The authorities also introduced a temporary exchange rate duty on exports from October 1, 2023, until the end of this year. In the fourth quarter of last year alone, that measure injected an additional 140 billion rubles (about $1.5 billion) into the state budget.
Finally, the Russian budget also now gets a slice of the pie whenever Western companies leave the Russian market. By the start of 2024, however, the Russian authorities had begun to realize that the hardships of war are not going anywhere anytime soon, and have now started to move from one-off measures to more permanent ones.
At the beginning of the year, President Vladimir Putin announced tax increases, which officials euphemistically refer to as a “fine-tuning” of the tax system.

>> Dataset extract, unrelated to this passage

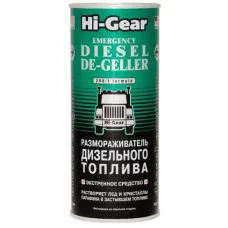 присадка в дизельне паливо розморожувач Hi-Gear 444мл (на 90л)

The concrete details of this “fine-tuning” were unveiled immediately after his inauguration in May. The changes will affect two direct taxes that showed the biggest growth rates in 2023: income tax, which grew 14 percent, and profit tax, which grew 25 percent. In the last five years, the total sum raised via these two taxes averaged 7–8 percent of GDP.

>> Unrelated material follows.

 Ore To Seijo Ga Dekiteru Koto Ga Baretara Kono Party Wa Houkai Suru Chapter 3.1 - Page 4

Income tax will now consist of a five-band scale ranging from 13 percent to 22 percent. A cautious move away from the flat rate of 13 percent began back in 2021, when the rate was raised to 15 percent for individuals earning more than 5 million rubles a year (about $55,000 at today’s exchange rate). In 2023, those additional 2 percentage points provided the budget with 160 billion rubles ($1.8 billion).
Now the 13 percent rate will only apply to those who earn less than 2.4 million rubles a year (about $27,000). That is a relatively high rate for the population segment with the lowest income, compared with most countries.
The Finance Ministry claims that the changes will only affect 3.2 percent of workers, or 2 million people. But the impact on the country’s finances will be far from insignificant. The previous increase in income tax to 15 percent applied to less than 1 percent of taxpayers, but they provided almost a quarter of the total personal income tax collected. And now the top rate will be not 15 percent, but 22 percent.
The authorities have also promised tax relief for low-income families with two or more children. That measure should affect about 4 million families, but will only come into force in 2026, by which time inflation may have significantly reduced the number of eligible families. Even taking into account those deductions, the Finance Ministry still expects to raise an additional 530 billion rubles ($6 billion) by increasing the personal income tax rates.
The increase in profit tax is even more radical: from 20 percent to 25 percent. At its current rate, this tax brought the treasury almost 8 trillion rubles ($89 billion) in 2023. The proposal to increase profit tax came from none other than Russian business quarters themselves—in order to be rid of unpredictable measures such as last year’s windfall tax and exchange rate duty. The Russian authorities readily agreed to cancel the latter in exchange for the increase in profit tax. It is expected that when investment payments are taken into account, the new rate will bring an additional 1.6 trillion rubles ($17.8 billion) to the budget.
The Finance Ministry is also proposing to increase the mineral extraction tax (MET) in certain industries. The biggest increase will be seen by producers of mineral fertilizers. The MET on gold was already temporarily increased for a period of six months.
The Kremlin is keen to pass the relevant laws this summer so that the changes can come into force on January 1, 2025. The official line is that this “fine-tuning” will not affect most people, but will make Russian society more fair.
The increased rates will apply to a significant number of people living in and just outside Moscow and St. Petersburg, as well as some in Russia’s other major cities. So another way of looking at this “fairness” is that the provinces are sending volunteers to war (recruits have come disproportionately from poorer Russian regions), while the main cities will pay more.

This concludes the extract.